By "both," I meant to say, "both football and dance talent." Coaching talent and performing talent often do not go hand in hand. Would you make the assumption that he is also an excellent coach? It is truly difficult to find is who is a world-class performer and teacher. It's just the way it is. Including in tango.
Last month, I mentioned my friend, Alex, an artist friend (see The Unbalanced Tango Faculty). My conversations with Alex have taught me some things about the art world, which have some great parallels to the art of tango. He told me that the students at the prestigious art school he attended noticed a trend: The best teachers tended not be the best "performers." The students called this the "dumb jock syndrome" -- a phenomenon they all had experienced in their high school and undergraduate years: Some great athlete would be able to play very well, but the same athlete perhaps was not the best spokesperson for the sport, nor not necessarily the best candidate to coach others.

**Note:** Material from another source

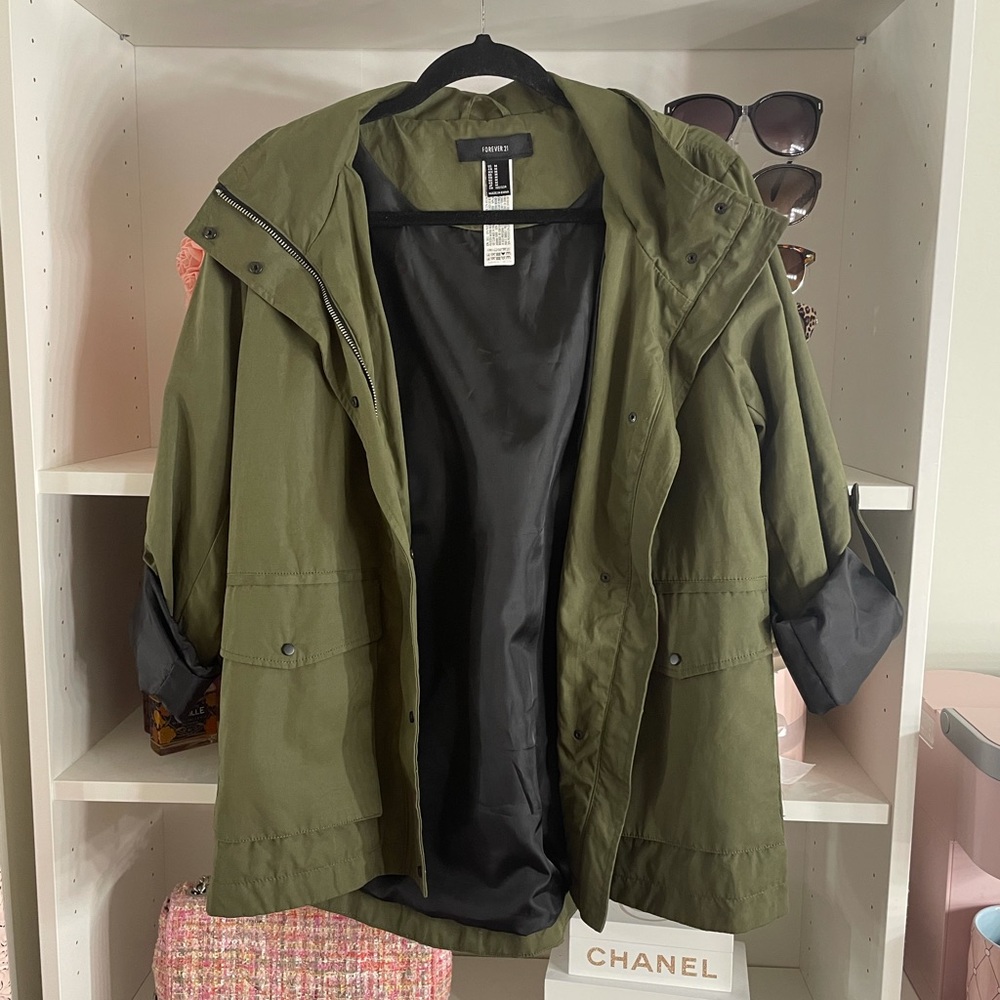 Women’s Army Green Jacket Forever 21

In the tango world somehow this phenomenon is not recognized. How is it that in the tango world we are blind to the same phenomenon in all areas of great talent? Great performers in every art discipline are not necessarily the best teachers. Is tango the exception? A great performer and teacher, Gavito, once complained that people turn to tango performers for great philosophical wisdom. But why? Few people in this world have a huge spectrum of talent. Albert Schweitzer was a physician, an accomplished musician, a J.S. Bach musicologist, a philosopher in ethics, a theologian AND he practiced all of these things while being a missionary helping people in rural Africa as a physician. I cannot think of a single person who had such a wide spectrum of talent. I do not mean to disparage talented athletes or performance artists. Having one extremely developed talent is already way above normal.
So maybe your ONE talent is to be a teacher. Maybe you are the great teacher in your community. Don't even pretend to be the best dancer. Just motivate your students to dance and never stop this wonderful practice of human-movement-as-art. Teach connection and musicality as the most elementary aspects to tango. Market these two pillars; so they are not drawn to dancing for others when dancing for one's partner is so powerfully fulfilling. You would be a genius coach and motivator if you can do this because it is so easy to be pulled into the world of performance and forget your true talent.
May I suggest a syllabus? Your students will excel because they will:
1. Learn to walk to music in such a way that their bodies exude joy just from walking.
2. Learn to walk from the start with their partner in close embrace. (Use a pillow between your students to help simulate connection and leave room for their feet as they focuses on the music.
3. Learn turns -- ONLY because of traffic. Turns can be fun. But walking, fully tuned to the music's nuances is primal.
4. Learn the life-long practice the above, with the the greatest value for connection and the joy of movement through music.
That's it / Nada mas
Graduation, and off to practice for the rest of one's life. Go back to number one, and focus now on "walk to music." That will take a very joyful and interesting long time. Tango, you see, is the simplest of dances but tango takes a lifetime to learn. Interesting paradox?
If this sounds easy, then the point of musicality was perhaps lost. In the four steps above, music, was the only element that was repeated four times. Your students have just taken up a musical instrument -- their bodies, and it will take a lifetime to become great musicians of this fine instrument.